Views: 31 Author: Site Editor Publish Time: 2024-04-12 Origin: Site
The delicious Christmas Chocolate Berry Stump Cake combines the rich aroma of chocolate with the sweet and sour taste of berries, adding a unique flavor to the Christmas season.
This cake usually consists of layers of chocolate cake and berry cream, and is decorated in the shape of a tree stump, as if you are in a snowy forest. The surface of the cake is often decorated with branches, snowflakes, berries, etc., creating a winter atmosphere and is suitable as a dessert for Christmas parties or gatherings. It can also be easily made at home. First, you need to prepare the materials according to the following, and then let’s make it together!
Cocoa Cake Embryo:
Egg White 88g
Egg Yolk 37g
45g Fine Sugar
Hot Water 35g
Corn Oil 25g
Cocoa Powder 15g
Low Gluten Flour 40g
Chocolate Ganache Buttercream:
450g light cream 135g dark chocolate
Beat the ganache cream until about 7 minutes.
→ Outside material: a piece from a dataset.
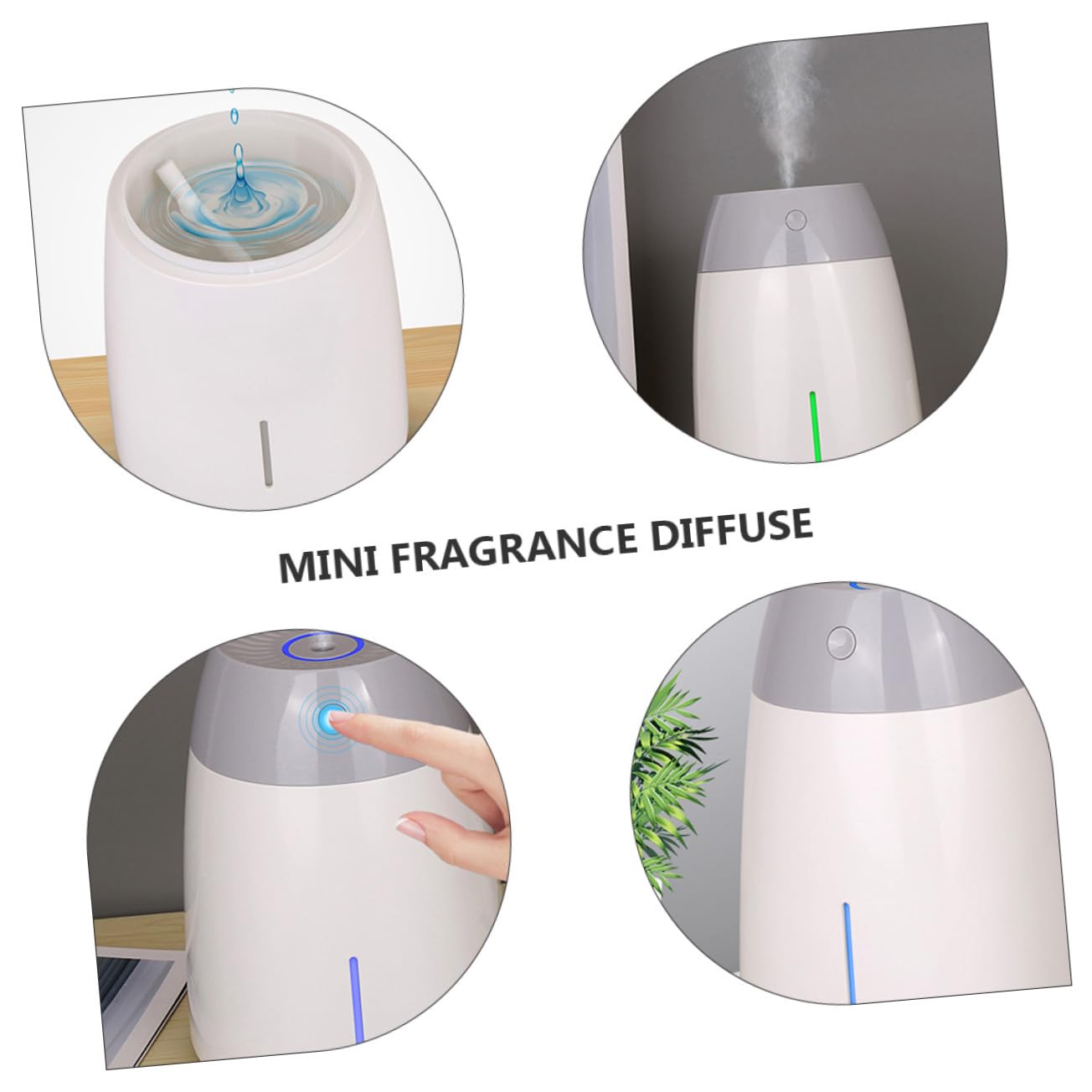 Gatuida Umidificatore Portatile Grande Capacità 800ml in Abs Funzione Timer e Bassa Rumorosità per Cucina e Salone di Bellezza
Divide into 250 grams and set aside for smearing and piping; beat the rest until 9 minutes for filling.
Berry jam: 50g (optional)
Ganache glaze: (for tree stump skin modeling and annual ring lines)
30g light cream 30g dark chocolate
①Refrigerate egg whites for later use.
②Add about 10 grams of sugar to the egg yolks and beat until white and thick. Set aside.
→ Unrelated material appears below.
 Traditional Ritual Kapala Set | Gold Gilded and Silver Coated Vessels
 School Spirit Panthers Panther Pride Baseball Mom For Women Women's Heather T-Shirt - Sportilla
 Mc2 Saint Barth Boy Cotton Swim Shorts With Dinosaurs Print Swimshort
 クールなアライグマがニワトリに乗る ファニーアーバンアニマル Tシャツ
③Heat the corn oil to about 60 degrees, add cocoa powder and mix well, add hot water (about 60 degrees is enough) and mix well.
④Sift and add low-gluten flour, mix well, then add the egg yolk beaten previously and mix well.
⑤Preheat the oven.
⑥Beat the egg whites until they stand upright.
⑦Mix the meringue and egg yolk paste in batches and pour into the mold.
⑧140~150 degrees, bake for about 50 minutes.
⑨After taking it out of the oven, shake the heat and immediately place it upside down on a wire rack and let it cool before demoulding.
Assembly order:
1. Cut the cake embryo;
2. Make the refrigerated ganache cream the night before whipping
3. After assembling and basting, freeze for half an hour
4. Make ganache for glaze decoration
5. Final decoration:
① Spread the bark around with ganache.
② Use a fork to dip the ganache on the top to draw growth ring lines with varying shades.
③ Squeeze out cream of different sizes on the surface and use oatmeal to make a pine cone shape.
④ Arrange berries of different colors and garnish with hazelnuts, green leaves, etc.
⑤Finally sprinkle with powdered sugar.